The entries that follow must be written out exactly, without any of the pictures they contain.

____

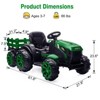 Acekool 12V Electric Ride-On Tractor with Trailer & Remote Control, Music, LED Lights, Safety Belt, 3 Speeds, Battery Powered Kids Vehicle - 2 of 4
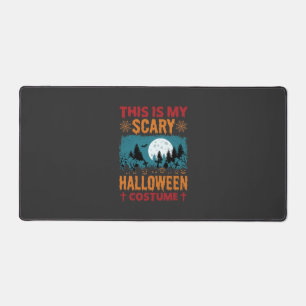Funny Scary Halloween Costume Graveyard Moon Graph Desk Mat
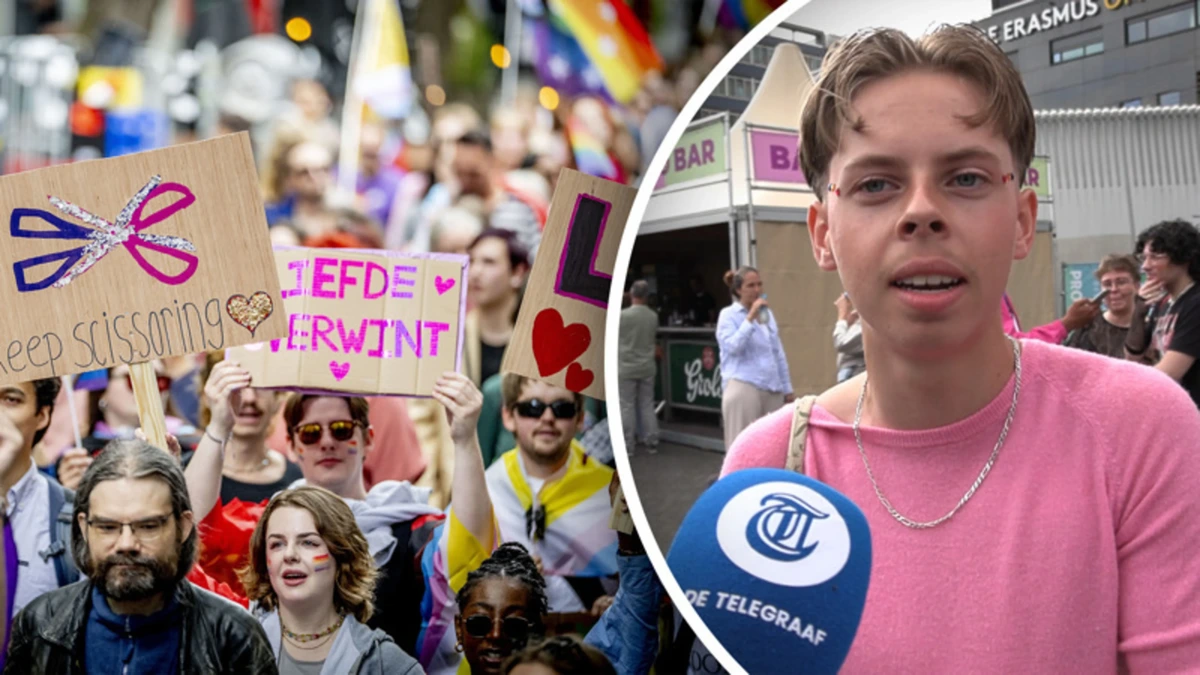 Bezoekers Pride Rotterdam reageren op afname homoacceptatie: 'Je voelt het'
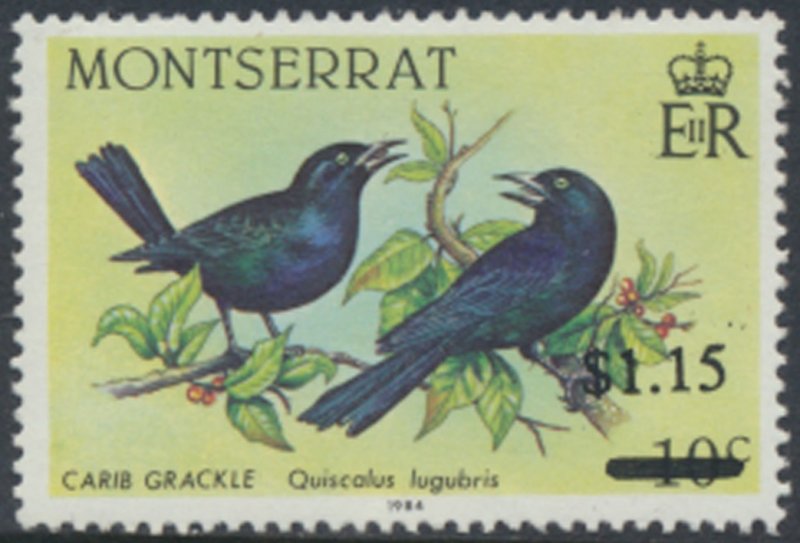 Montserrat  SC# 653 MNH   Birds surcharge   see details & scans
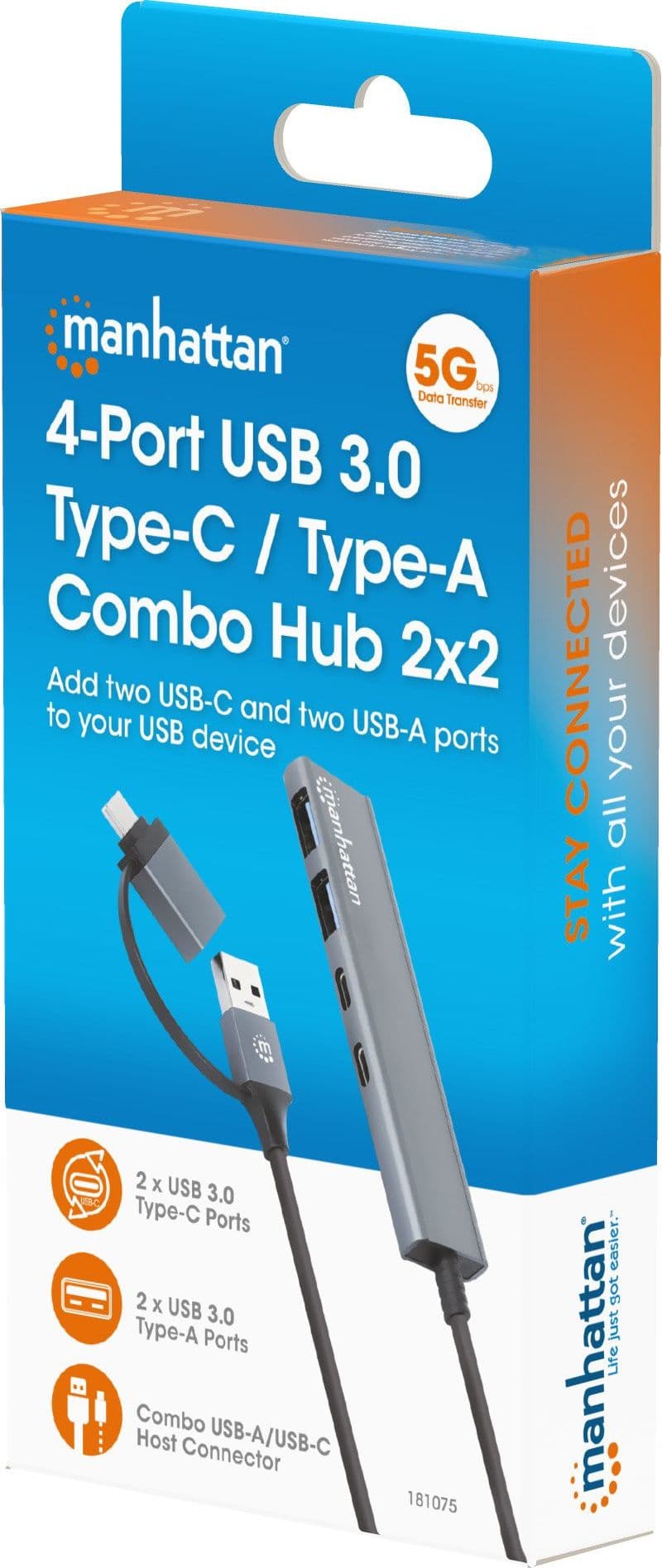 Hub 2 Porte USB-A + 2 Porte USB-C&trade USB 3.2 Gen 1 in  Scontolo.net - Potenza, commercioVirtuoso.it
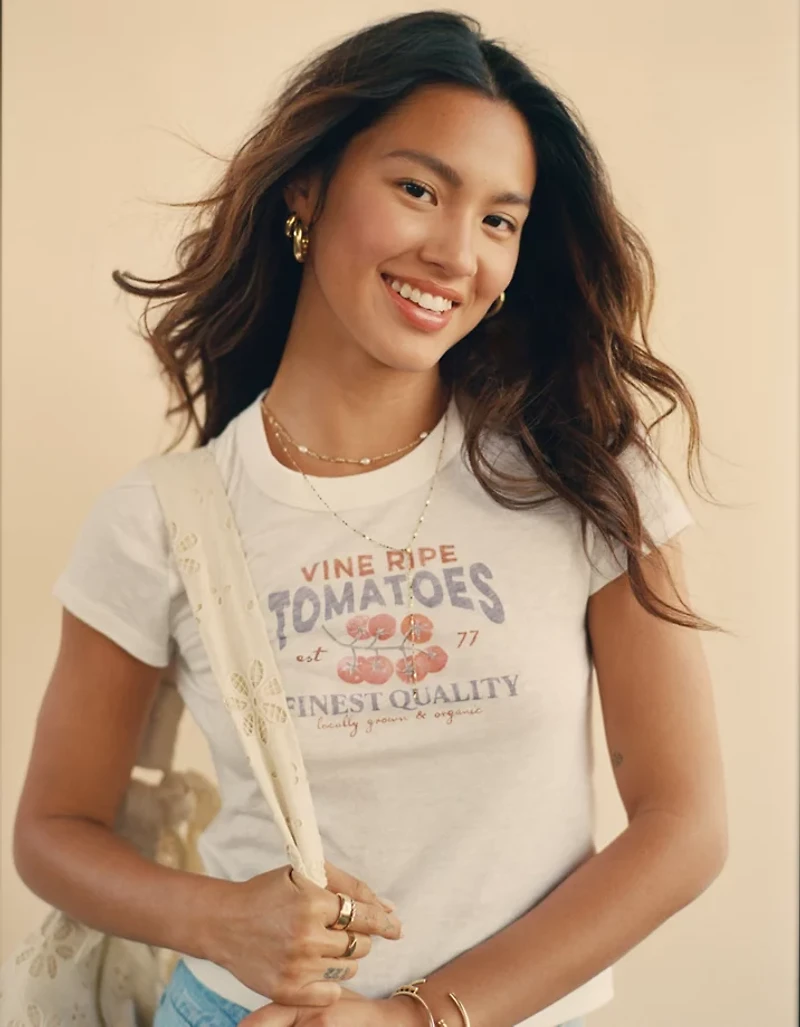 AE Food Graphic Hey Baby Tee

____

### SOLVED EXERCISE
 Acekool 12V Electric Ride-On Tractor with Trailer & Remote Control, Music, LED Lights, Safety Belt, 3 Speeds, Battery Powered Kids Vehicle - 2 of 4
Funny Scary Halloween Costume Graveyard Moon Graph Desk Mat
 Bezoekers Pride Rotterdam reageren op afname homoacceptatie: 'Je voelt het'
 Montserrat  SC# 653 MNH   Birds surcharge   see details & scans
 Hub 2 Porte USB-A + 2 Porte USB-C&trade USB 3.2 Gen 1 in  Scontolo.net - Potenza, commercioVirtuoso.it
 AE Food Graphic Hey Baby Tee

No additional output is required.